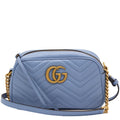 Gucci Blue Marmont Crossbody Bag Matelassé Leather
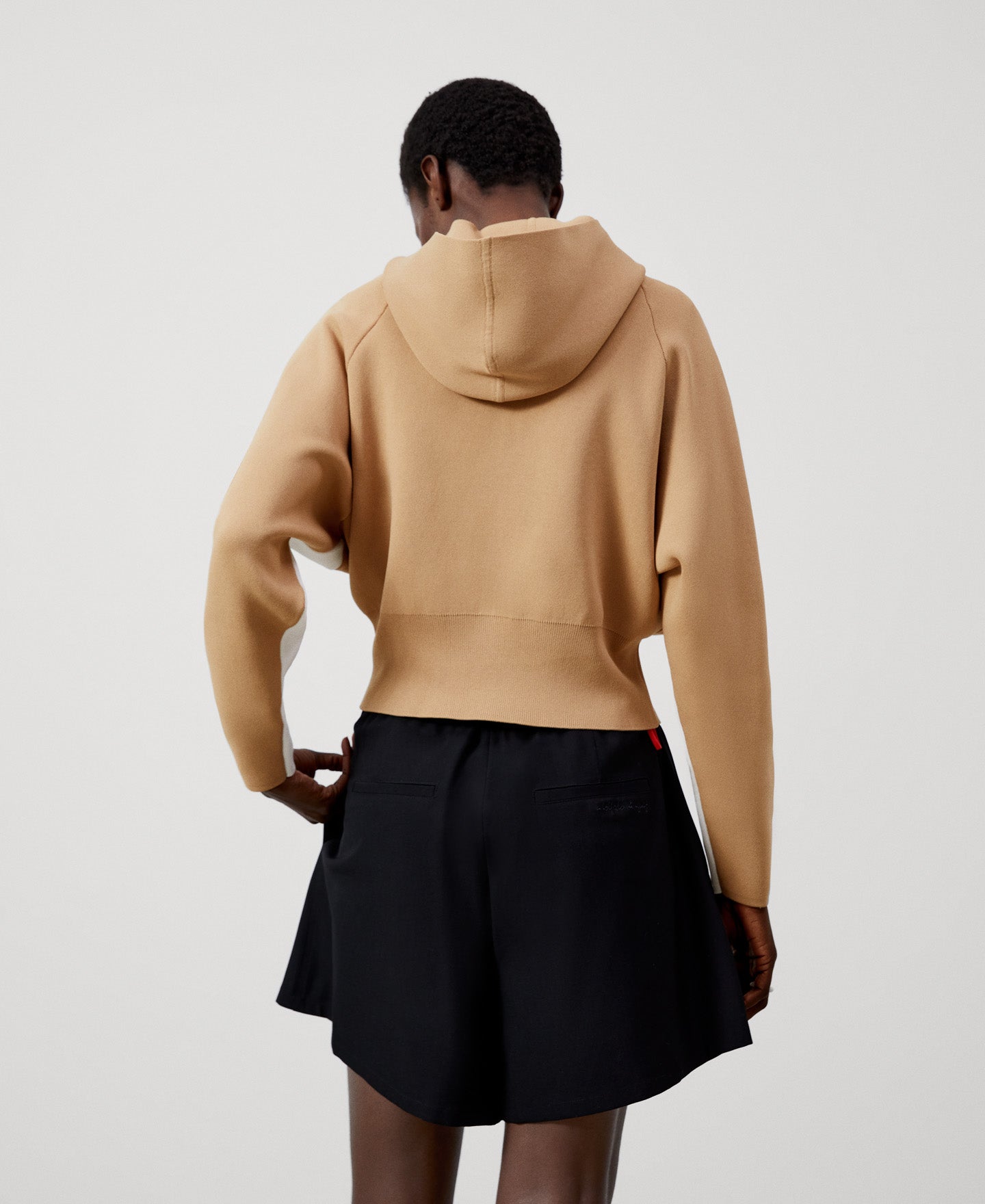 Women Knit Jacket | Black/Camel Viscose And Nylon Japanese Sleeve Jacket by Spanish designer Adolfo Dominguez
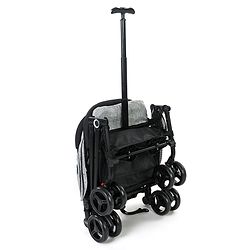 Babyhug Easy Travel Cabin Stroller With Z-Fold & Trolley Handle - Grey| Air Cabin Friendly| Swivel Wheel with Lock| Rear Wheels with Brake| Adjustable Leg Rest| Adjustable Canopy| Reclining Backrest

###

In your copy, the listing above should appear word for word, with no images.

> _Task answer_
 Gucci Blue Marmont Crossbody Bag Matelassé Leather
 Women Knit Jacket | Black/Camel Viscose And Nylon Japanese Sleeve Jacket by Spanish designer Adolfo Dominguez
 Babyhug Easy Travel Cabin Stroller With Z-Fold & Trolley Handle - Grey| Air Cabin Friendly| Swivel Wheel with Lock| Rear Wheels with Brake| Adjustable Leg Rest| Adjustable Canopy| Reclining Backrest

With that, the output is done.